Apple fans are back out in force believing that with an end to its production and stock issues in sight, and the stock still some 15% off its all-time high, the tech giant is a buying opportunity.
It has been a roller coaster year for Apple both in corporate and stock market terms after the company proved itself able to power on after the death of Steve Jobs.
On the face of it all is well, with its share price up 38.97% year-to-date and the company having paid its first dividend since 1995 back in July.
But this has not been straight line growth, masking the fact the company has issued a profit warning and its share price has suffered two sharp drawdowns this year.
The media frenzy back in April on the possibility of Apple’s share price hitting $1,000 seems somewhat fanciful.
Bullish notes from analysts Brian White of Topeka Capital Markets and Piper Jaffray’s Gene Muster saw both back the firm’s share price to reach four digits, with White predicting by the year-end and Muster by 2014.
This now seems a bit of a distant memory. After suffering a 16% correction during the second quarter, blamed variously on rumours of a cheaper version of the iPad being launched or just a ‘pause for breath’, Apple powered on to reach an all-time high of $702.10 on 19 September.
Roll on six weeks, and lower than expected fourth quarter iPad sales, an underwhelming iPad Mini launch and production problems at Taiwan-based supplier FoxConn led the stock to suffer its worst drawdown of the year. It fell 18.58% on a trailing price/earnings (P/E) basis and the stock hit its lowest point in a decade.
Apple has bounced back from its mid-month lows, up 8.73% from its 15 November bottom, but remains -15.42% down over three months, which Piper Jaffray’s seemingly ever-bullish Muster is calling a buying opportunity.
He points to a marked improvement in the company’s stock of iPhone 5s across different networks ahead of the key holiday season. Improving the availability of the iPhone was a crucial issue holding the firm’s share price back, he said, pointing out that iPhone sales accounted for 53% of Apple’s earnings in the fourth quarter last year.
‘AT&T and Verizon have shown dramatic improvements in availability, while Sprint has maintained consistent availability,’ he said.
‘Our checks indicated that Sprint phones were in stock at 92% of Apple Stores, AT&T was available at 82% of stores and Verizon at 72% of stores. Additionally, we note that wait times for online phone orders dropped to two weeks.’
iPad Mini’s prospects
Bolko Hohaus, manager of the Lombard Odier Technology fund, also believes concerns about the iPad mini are overdone and that it can go on to be a big hit, while not necessarily cannibalising its existing business lines.
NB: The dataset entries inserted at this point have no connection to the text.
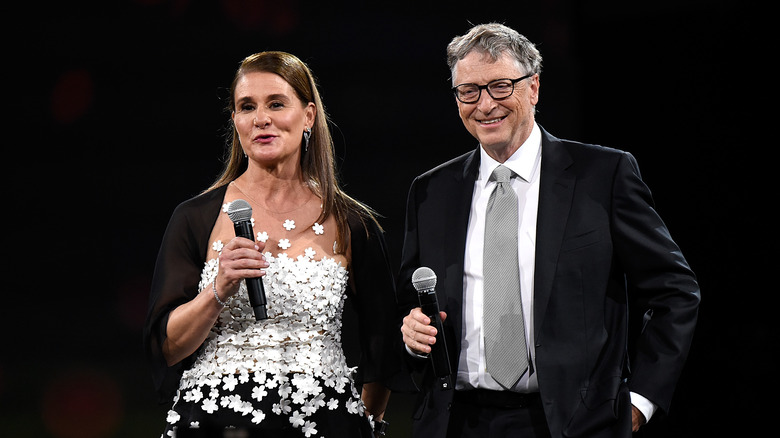 Bill and Melinda Gates speak onstage 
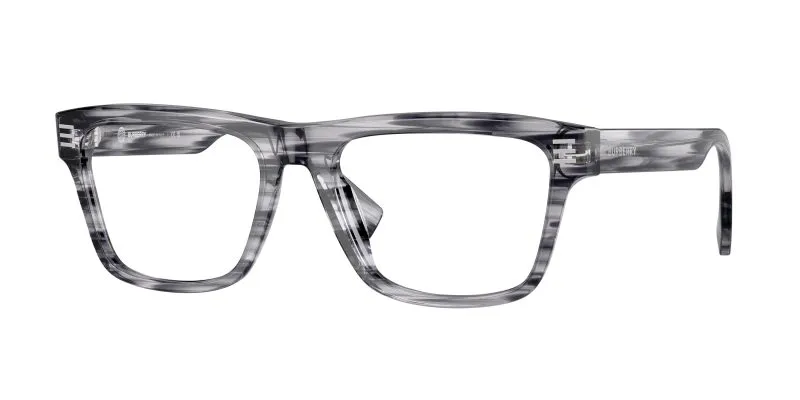 Burberry BE2387 4097 แว่นสายตาทรงสี่เหลี่ยมอะซิเตทลาย B.STRIPE สีเทา สำหรับผู้ชาย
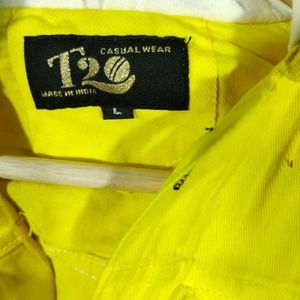 Yellow Printed Full Sleeves Hoodie Jacket (Men's)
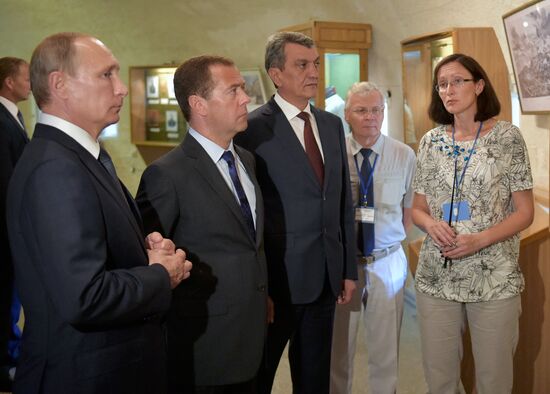Russian President Vladimir Putin and Prime Minister Dmitry Medvedev visit Crimea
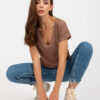 Cappuccino cotton v-neck t-shirt BASIC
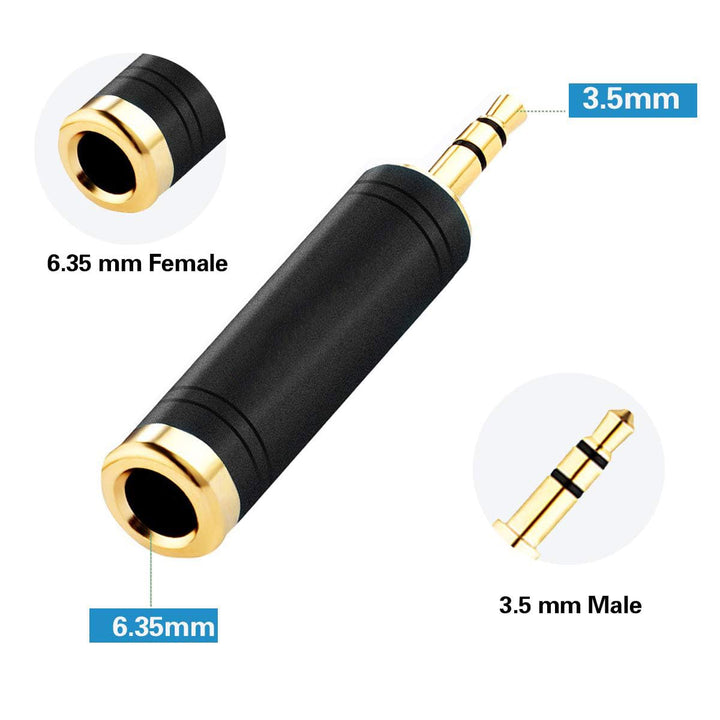 tisino 1/4 to 3.5mm Stereo Adapter, 1/4 inch Female to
‘The iPad Mini launch did little to halt the near-term pessimism around Apple shares. Nonetheless, in our view, the Mini could be part of an interesting trend in consumer tech, and be one of the hit products of 2013,’ he said.
‘At first sight, there appears little to get excited about. The Mini is largely the same package as an iPad2, in a smaller form factor with a smaller screen, which isn’t even one of the super high-definition “retina” displays you get on the newer, big iPad.
‘Similarly, the new 7” Kindle Fire from Amazon, and Google and Asustek’s Nexus 7, are just smaller versions of larger Android tablets. Compared to the other new kid on the tablet block, Microsoft’s Surface, with its distinctive and innovative keyboard cover, prima facie these tablets are distinctly “low rent”.
‘That, however, is the point. Price: Amazon and Google’s offerings start at $199, the Mini at $329. And when you look closely you can see you are getting quite a lot for your money.’
He said the Mini has excellent build quality, is thinner than even the latest iPhone, with an attractive aluminium case and a larger screen than its rivals, yet not so large it won’t fit in a pocket. It also has a large memory and could go on to be one of the best-selling versions of the iPad.
Andy Zaky, a fund manager at Bullish Cross Asset Management, backs Apple to deliver three more years of ‘explosive growth’ and then another three to five years of ‘moderate growth.
A long-term backer who has traded in and out of the stock, he is backing it currently, noting: ‘If Apple merely just remained at this current price level, it would have its entire market cap in cash over the next four years,’ raising the prospect of strong dividend growth and potential special payouts.
It seems the nay-sayers about Apple are thin on the ground, but Seabreeze Capital, a US-based hedge fund, has turned negative, warning of growing competition in all of its core markets.
‘Apple’s stock is cheap on a P/E basis but arguably very expensive on price to sales at 4.4x and a total absolute market capitalisation basis at $625 billion,’ the group said.